On July 1, 2012, the presumptive age for termination of child support was lowered
from twenty-one to nineteen. By that time, J.G. was already twenty years old. On April 15,
2013, Father filed a petition to terminate child support of J.G. A hearing on the petition was
set for May 23, 2013. On May 17, 2013, Mother filed a petition for modification of support
and contribution for college expenses. On May 23, 2013, the parties agreed to continue the
hearing on Father’s petition and a pretrial conference was held in chambers, at which
Mother’s counsel and Father’s counsel appeared to discuss the exchange of financial
information.
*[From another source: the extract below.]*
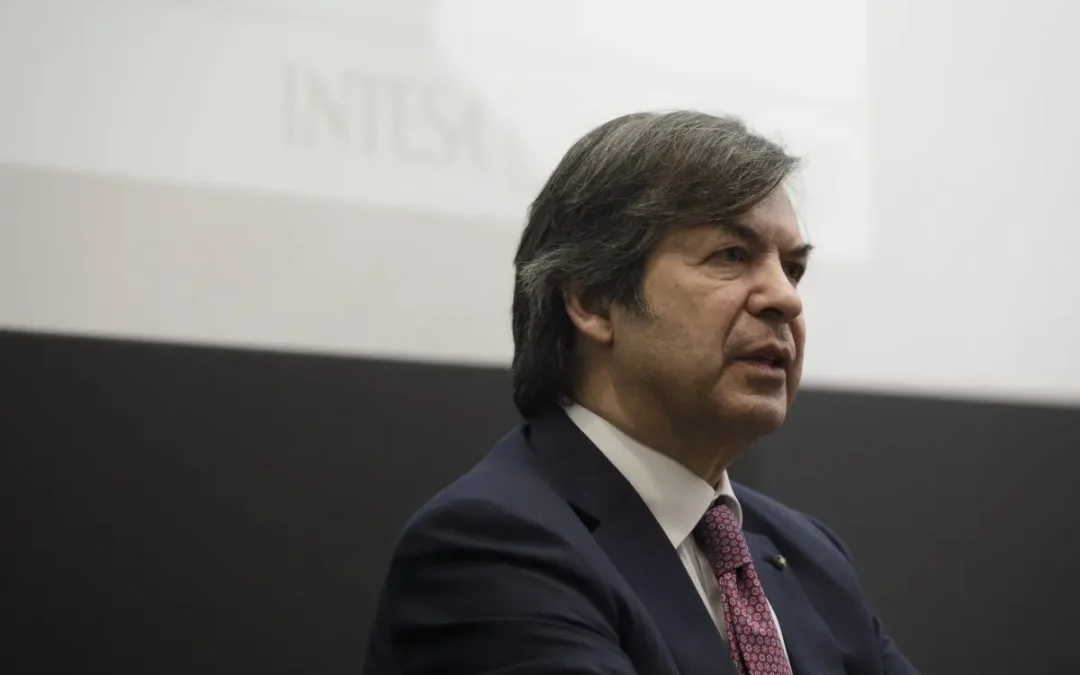 Intesa Sanpaolo, nel primo trimestre utile netto in linea con obiettivi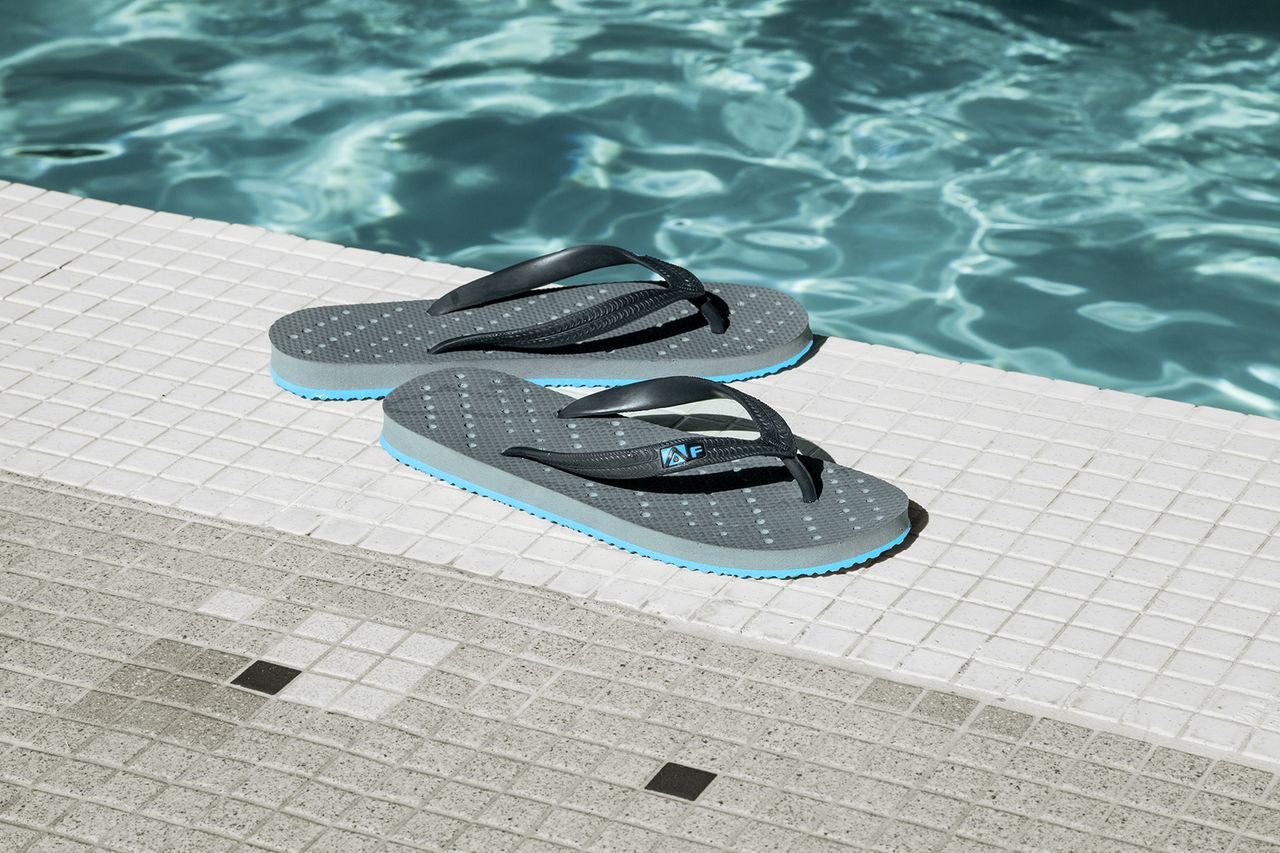 aquaflops shower shoes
A one-week deadline was set for the exchange of financial information.
By the end of May, Father had provided his 2012 income tax return and some pay
stubs to Mother. On July 3, 2013, Father reset the hearing on his petition for August 8, 2013.
Father sent a copy of the updated case chronological summary (“CCS”) showing that the
hearing on Father’s petition had been reset to the trial court and to Mother’s counsel.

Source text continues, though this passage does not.